I've been hot on the trail of getting my login and authentication worked out since I switched to awesomewm (awesome window manager) a few months ago.

I chose slim as my display manager because I read it was lightweight. I was unable to get it to use libpam_ssh as the login mechanism though, so I switched to xdm.

Xdm works perfectly, but it is a little rough on the eyes, so I'm doing some reading on how to jazz it up a little.

But first, I want to write down my current setup, as its working pretty good for me.

  • I'm using Debian Squeeze.
  • XDM display manager.
  • Awesome window manager - initialized by ~/.Xsession.
  • /etc/X11/Xsession.options has "use-ssh-agent" removed.
  • I disabled ssh-agent in the gnome-keyring-daemon via gconf2 - I might try turning this back on, as I read somewhere that slim wasn't setting the SSH_AUTH_SOCK environment variable due to a d-bus communications problem.
  • I use keychain to activate the ssh-agent that is started by XDM. Keychain is available in the debian repositories, but I mention it is from the gentoo project to be more specific.

The only thing left I want to do is automatically unlock the default keyring upon login.

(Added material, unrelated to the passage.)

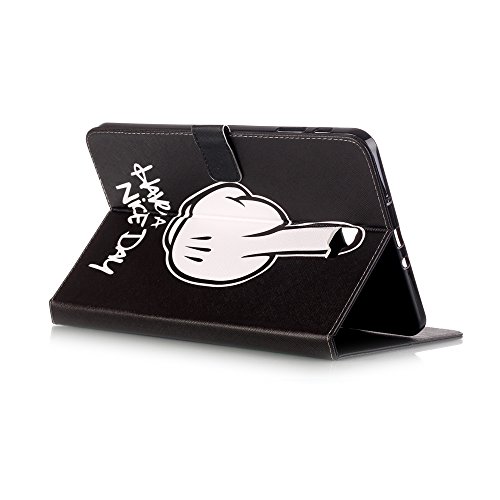 Romtronic Cute Colorful Flip Tasche PU Leder Abdeckung Stand Schutzhülle für Samsung Galaxy Tab A6 10.1 Pouces SM-T580 / SM-T585 + 1 x Schwarz Stylus (Design 13) - 4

UPDATE: SWEET! I finally got this setup right somehow. I think all I had to do was edit /etc/pam.d/common-auth:

auth sufficient pam_ssh.so try_first_pass
auth    optional        pam_gnome_keyring.so
# here are the per-package modules (the "Primary" block)
auth    [success=1 default=ignore]      pam_unix.so nullok_secure
# here's the fallback if no module succeeds
auth    requisite                       pam_deny.so
# prime the stack with a positive return value if there isn't one already;
# this avoids us returning an error just because nothing sets a success code
# since the modules above will each just jump around
auth    required                        pam_permit.so
# and here are more per-package modules (the "Additional" block)
# end of pam-auth-update config

and:

session optional        pam_gnome_keyring.so  auto_start
# here are the per-package modules (the "Primary" block)
session [default=1]                     pam_permit.so
# here's the fallback if no module succeeds
session requisite                       pam_deny.so
# prime the stack with a positive return value if there isn't one already;
# this avoids us returning an error just because nothing sets a success code
# since the modules above will each just jump around
session required                        pam_permit.so
# and here are more per-package modules (the "Additional" block)
session required        pam_unix.so
# end of pam-auth-update config
session optional pam_ssh.so

Oh yes, I also read up on /usr/share/doc/libpam-ssh/README.Debian which explained how I had to create ~/.ssh/login-keys.d/ and symlink the private keys I wanted to let pam.d use to authenticate logins with.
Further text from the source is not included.